Search code examples
apache-flinkflink-streaming

Flink KeyedCoProcessFunction working with state


I use KeyedCoProcessFunction function to enrich main datastream with data comes from another stream

Code:

class AssetDataEnrichment extends KeyedCoProcessFunction[String, PacketData, AssetCommandState, AssetData] with LazyLogging {

  case class AssetStateDoc(assetId: Option[String])
  private var associatedDevices: ValueState[AssetStateDoc] = _

  override def open(parameters: Configuration): Unit = {
    val associatedDevicesDescriptor =
      new ValueStateDescriptor[AssetStateDoc]("associatedDevices", classOf[AssetStateDoc])
    associatedDevices = getRuntimeContext.getState[AssetStateDoc](associatedDevicesDescriptor)
  }

  override def processElement1(
                                packet: PacketData,
                                ctx: KeyedCoProcessFunction[String, PacketData, AssetCommandState, AssetData]#Context,
                                out: Collector[AssetData]): Unit = {
    
    val tmpState = associatedDevices.value
    val state = if (tmpState == null) AssetStateDoc(None) else tmpState
    
    state.assetId match {
      case Some(assetId) =>
        logger.debug(s"There are state for ${packet.tag.externalId} = $assetId")
        out.collect(AssetData(assetId, packet.tag.externalId.get, packet.toString))
      case None => logger.debug(s"No state for a packet ${packet.tag.externalId}")
      case _ => logger.debug("Smth went wrong")
    }
  }

  override def processElement2(
                                value: AssetCommandState,
                                ctx: KeyedCoProcessFunction[String, PacketData, AssetCommandState, AssetData]#Context,
                                out: Collector[AssetData]): Unit = {
    
    value.command match {
      case CREATE =>
        logger.debug(s"Got command to CREATE state for tag: ${value.id} with value: ${value.assetId}")
        logger.debug(s"current state is ${associatedDevices.value()}")
        associatedDevices.update(AssetStateDoc(Some(value.assetId)))
        logger.debug(s"new state is ${associatedDevices.value()}")
      case _ =>
        logger.error("Got unknown AssetCommandState command")
    }
  }
}

processElement2() works good, it's accept data and update a state.
but in a processElement1() I am always hitting case None => logger.debug(s"No state for a packet ${packet.tag.externalId}")
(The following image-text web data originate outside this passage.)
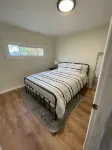 Fully remodeled chic & cozy home 2 bedroom home Grumpy Dave's Pub 주변 호텔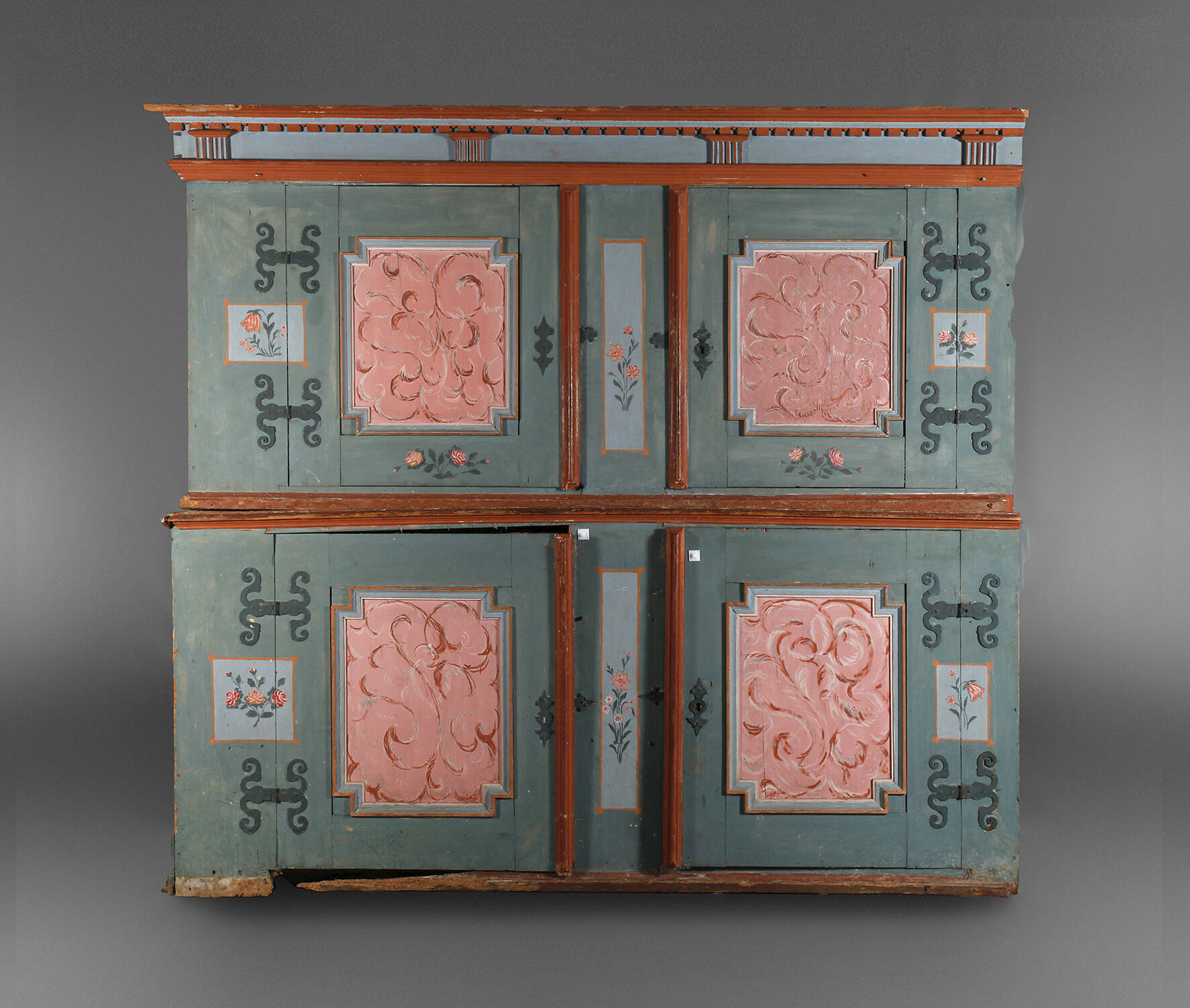 Übergroßer barocker Bauernschrank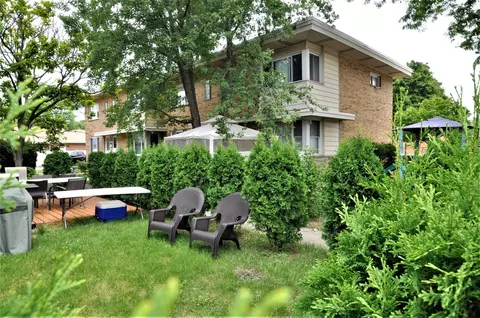 4702 Main St #A, Skokie, IL 60076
although I expect that there will be a value that was set in processElement2 function

as an example I used this guide - https://nightlies.apache.org/flink/flink-docs-master/docs/dev/datastream/fault-tolerance/state/


Solution

  • processElement1 and processElement2 do share state, but keep in mind that this is key-partitioned state. This means that a value set in processElement2 when processing a given value v2 will only be seen in processElement1 when it is called later with a value v1 having the same key as v2.

    Also keep in mind that you have no control over the race condition between the two streams coming into processElement1 and processElement2.

    The RidesAndFares exercise from the official Apache Flink training is all about learning to work with this part of the API. https://nightlies.apache.org/flink/flink-docs-stable/docs/learn-flink/etl/ is the home for the corresponding tutorial.